I am refinishing a walnut rifle stock with Watco neutral Danish oil. I did all the necessary prep work (I'm experienced with this)
I am after the high gloss feature of the Danish oil because it brings out the grain and figure of this exceptional piece of walnut. I have several coats applied, I sand between the first few coats and then us 4-O steel wool between subsequent coats. I am trying to apply the final coat but I am getting streaking which is not acceptable. I have applied with cheese cloth and also soft cotton gun cleaning patches but I still get the streaking. What is the solution to this? I want a high gloss non streaked appearance in the final coat.


----------



## Julian the woodnut (Nov 5, 2008)

Are you talking about brush stroke type marks or something hazing the finish? If it's just brush marks, you could wet sand the final coat with 1000 grit working your way to 2000 grit(assuming there is a thick enough layer of finish on the stock). After you do this, you can rub out the finish with a quality automotive rubbing compound for the final high gloss sheen.


----------



## reyebe (Sep 11, 2009)

Julian the woodnut said:


> Are you talking about brush stroke type marks or something hazing the finish? If it's just brush marks, you could wet sand the final coat with 1000 grit working your way to 2000 grit(assuming there is a thick enough layer of finish on the stock). After you do this, you can rub out the finish with a quality automotive rubbing compound for the final high gloss sheen.
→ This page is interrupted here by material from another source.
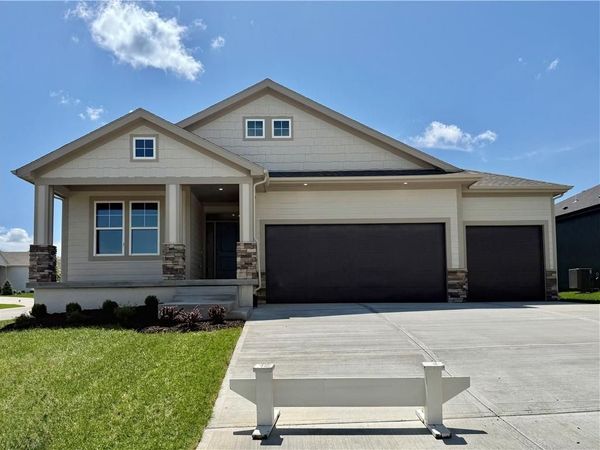 31401 W 85th Terrace, De Soto, KS 66018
Yes, it appears to be "brush strokes" although I am applying it with cheese cloth. The stock will have a pretty think layer, it will be about 10 coats of Danish oil rubbed out in between coats. I have never seen 1000 or 2000 grit paper. I have some 800 grit and it is almost like no grit at all. I do have automotive rubbing compound.
I'll have to shop around for the higher grits you suggest. Thank you for your input, I have been getting frustrated with the results so far.


----------



## nzgeordie (Apr 25, 2009)

When you say brush marks, could they also be scratch marks from the earlier sanding between coats whiich you've then overlaid with new layers of oil? (This happened to me - once). You didn't say what grade paper you used before moving to the 4-O wool.


----------



## reyebe (Sep 11, 2009)

nzgeordie said:


> When you say brush marks, could they also be scratch marks from the earlier sanding between coats whiich you've then overlaid with new layers of oil? (This happened to me - once). You didn't say what grade paper you used before moving to the 4-O wool.
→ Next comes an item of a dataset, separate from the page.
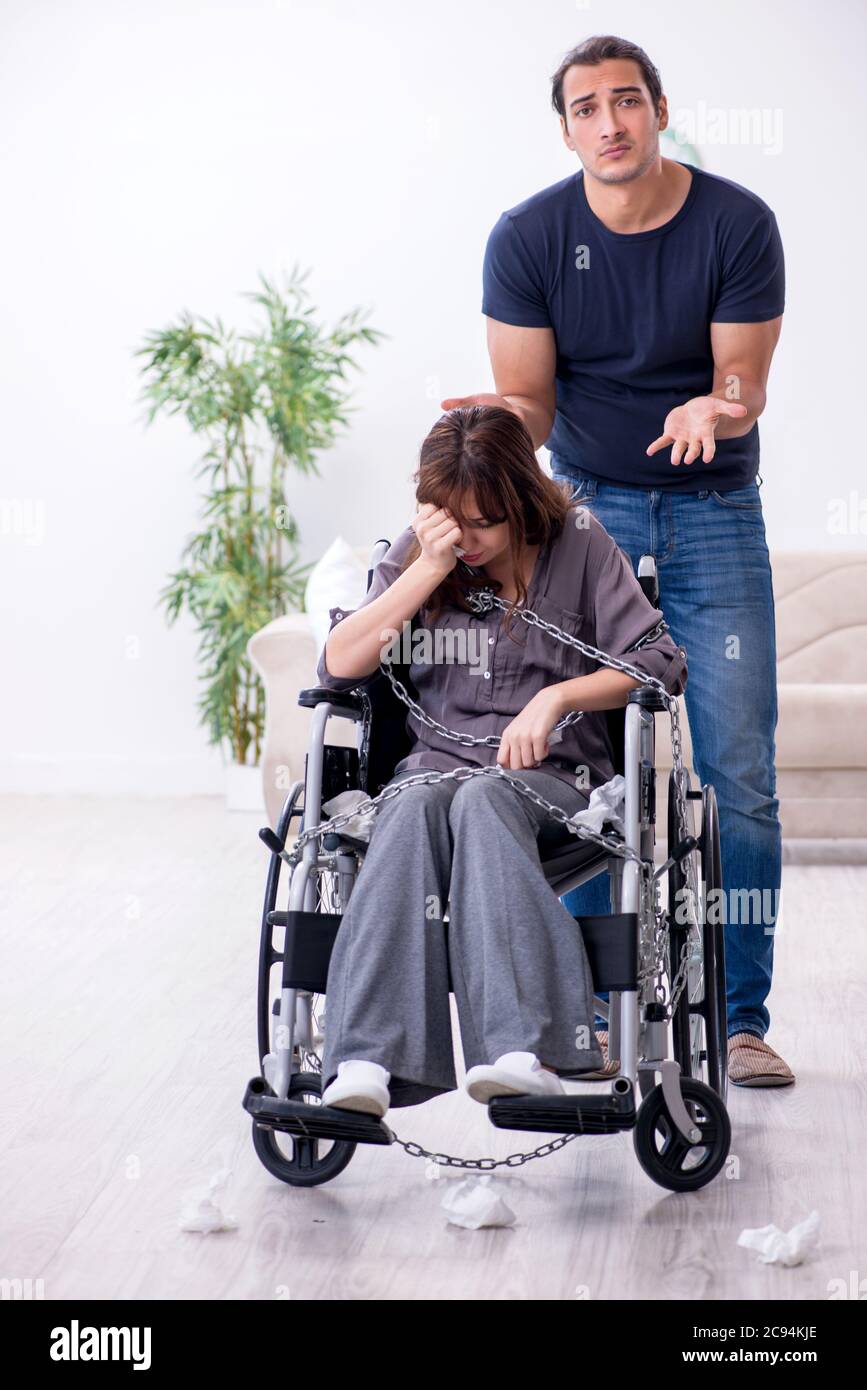 Moglie e marito disabili a casa Foto Stock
I used a light touch with 400, then 600 and 800


----------



## Julian the woodnut (Nov 5, 2008)

I get the higher grits of sandpaper at an automotive supply shop that specializes in auto paints.


----------



## reyebe (Sep 11, 2009)

Julian the woodnut said:


> I get the higher grits of sandpaper at an automotive supply shop that specializes in auto paints.


I have one nearby. Thank you


----------



## Howard Acheson (Oct 10, 2009)

I know I'm late on this but Watco Danish Oil is not intended to leave a glossy finish. At best, it should leave a somewhat soft glow. It's a linseed oil with a small amount of resin or varnish added. It is intended to be a penetrating oil. The instructions are to apply, let set and then wipe dry. After drying overnight, do the same thing again. That's it. Applying more coats can leave a sticky, gummy surface due to the large amount of oil in the product. In other words, one should not try to "build" a Danish Oil finish.
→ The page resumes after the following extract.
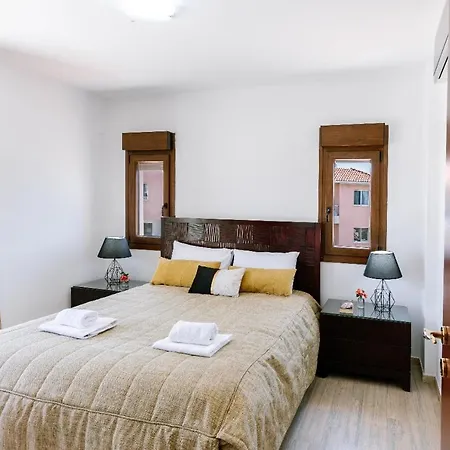 Cozy 2Bedroom Apartment Between Sea And City Life *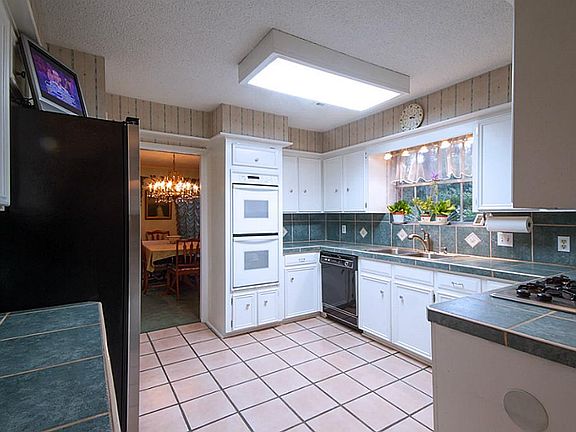 5th image of 1514 Big Horn Dr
If a glossy finish desired, a film finish is called for. Wiping on a couple of coats of a thinned varnish will provide a nice glossy when applied over a couple of applications of Danish Oil.


----------



## reyebe (Sep 11, 2009)

*fiinishing gun stock*

This sounds like good advice, thank you


----------



## Al B Cuttn Wud (Oct 14, 2007)

I just used the danish oil on cherry as recommended to prevent or reduce any blotching. In short, the first coat looks fantastic. The guy at Woodcraft said saturate the first coat and let sit for 30 minutes. Let it sit for a day and apply a very very very light second coat. He said put about a quarter size amout of oil on a rag and massage into the grain of the wood. I'm giving it two days between first and second coats becuase it rained today and the air is pretty moist. Anyway, just thought I would add a comment since I'm current in work using the danish oil.


----------